(Captioned web images)
# # # # # # #
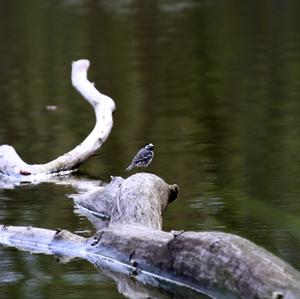 White Wagtail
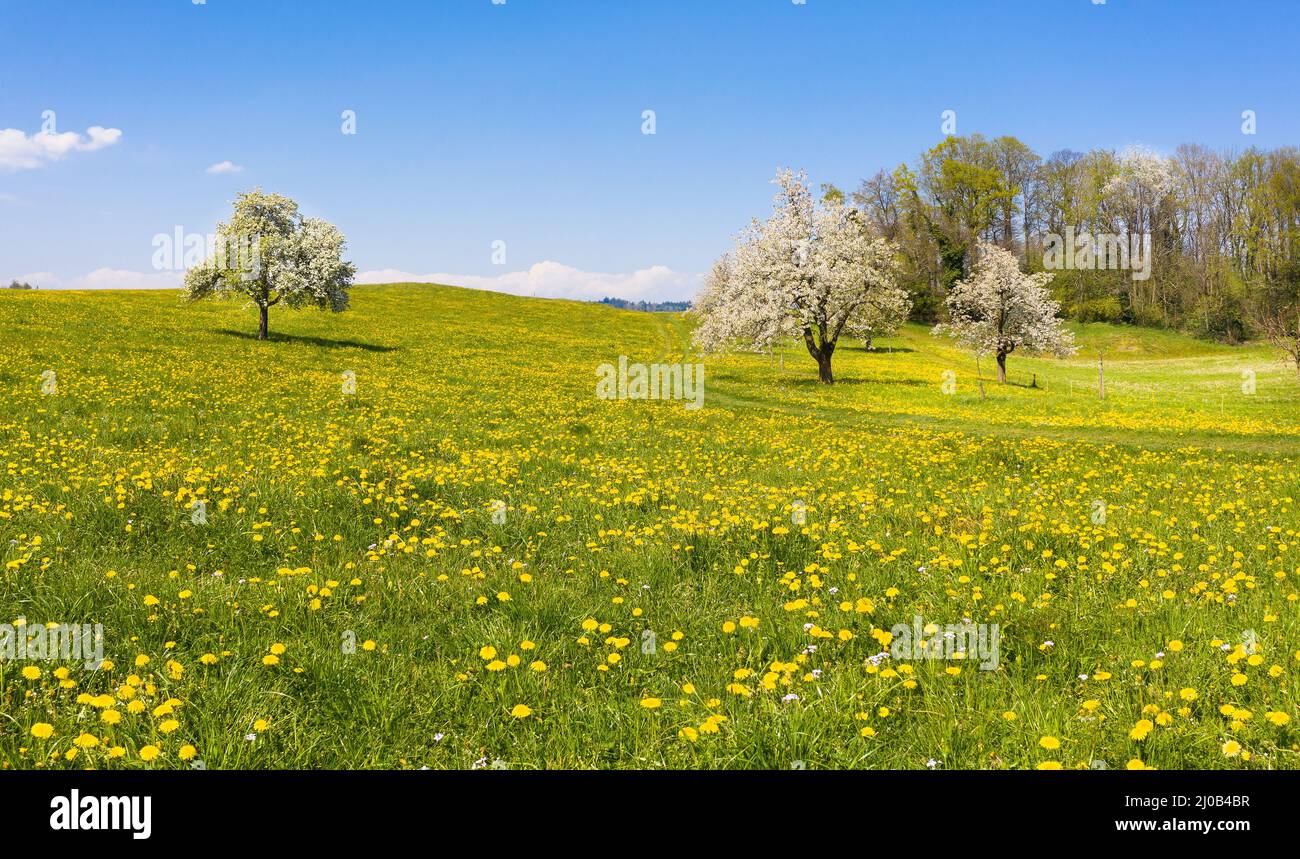 Ressort. Panorama de la nature printanière en Suisse. Canton de Lucerne. Banque D'Images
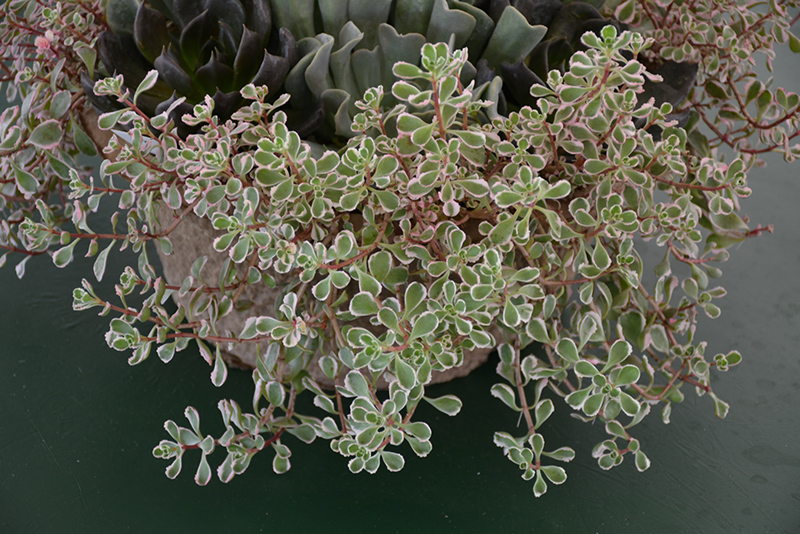 Tricolor Stonecrop (Sedum) (Sedum spurium 'Tricolor') at Piala's Nursery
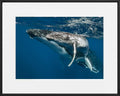 Martin Hristov-Humpback whales-II-Tonga--limited editions-Monochrome Hub-Gallery for Fine Art Photography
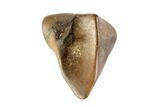Partial Triceratops Shed Tooth - Montana #72494-1
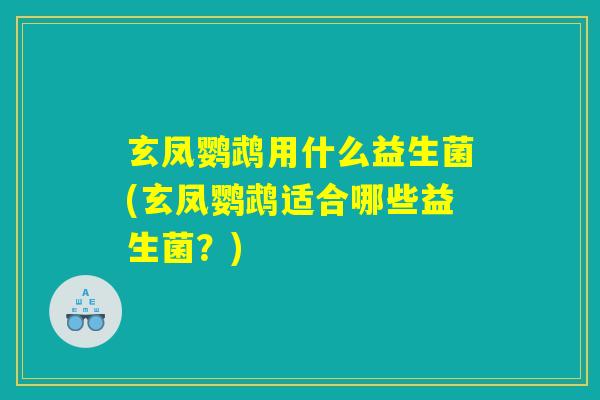玄凤鹦鹉用什么益生菌(玄凤鹦鹉适合哪些益生菌？)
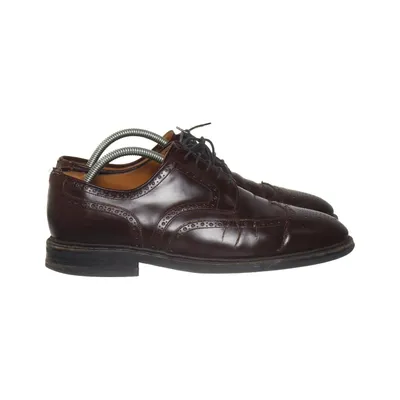 Brogue (Bruin) van Morjas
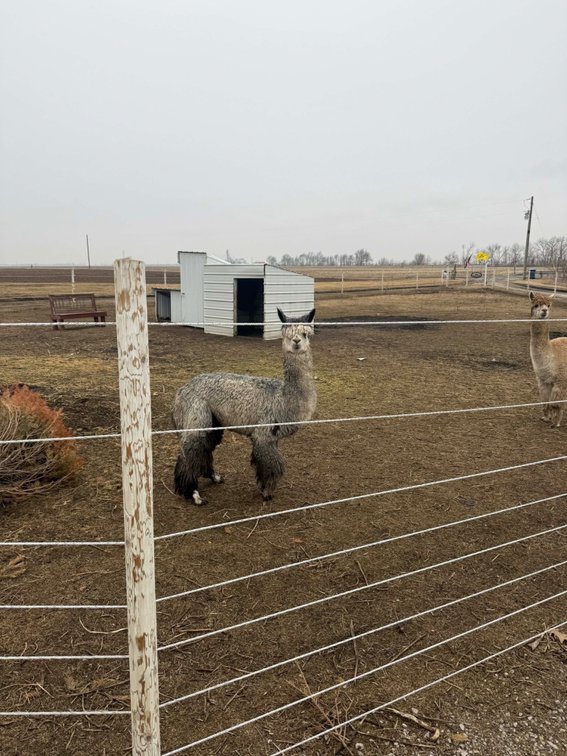 Image for Hamilton County Horse & Tack Sale -SATURDAY March 7th -  Noblesville, IN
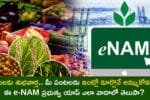 How the e-NAM App Lets You Sell Your Crops Online at Top Prices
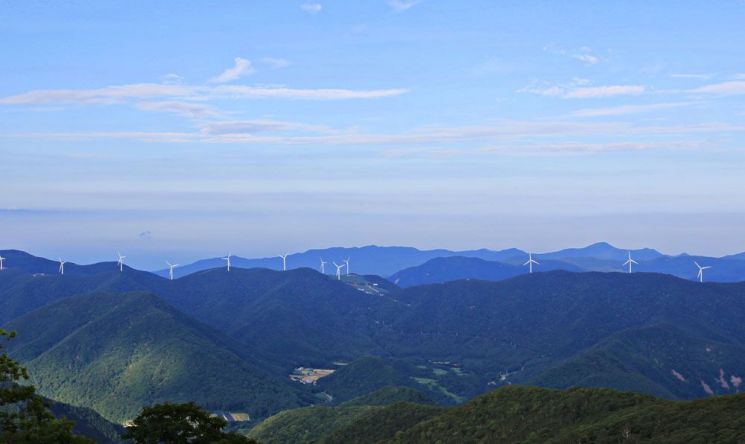 발왕산 천년주목숲길에서 바라보는 산세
# # # # # # #
**Aim of the exercise**
Make an exact copy of only those lines that run from the line with "Brogue (Bruin) van Morjas" through the end of the records, excluding pictures.

**Response**
 Brogue (Bruin) van Morjas
 Image for Hamilton County Horse & Tack Sale -SATURDAY March 7th -  Noblesville, IN
 How the e-NAM App Lets You Sell Your Crops Online at Top Prices
 발왕산 천년주목숲길에서 바라보는 산세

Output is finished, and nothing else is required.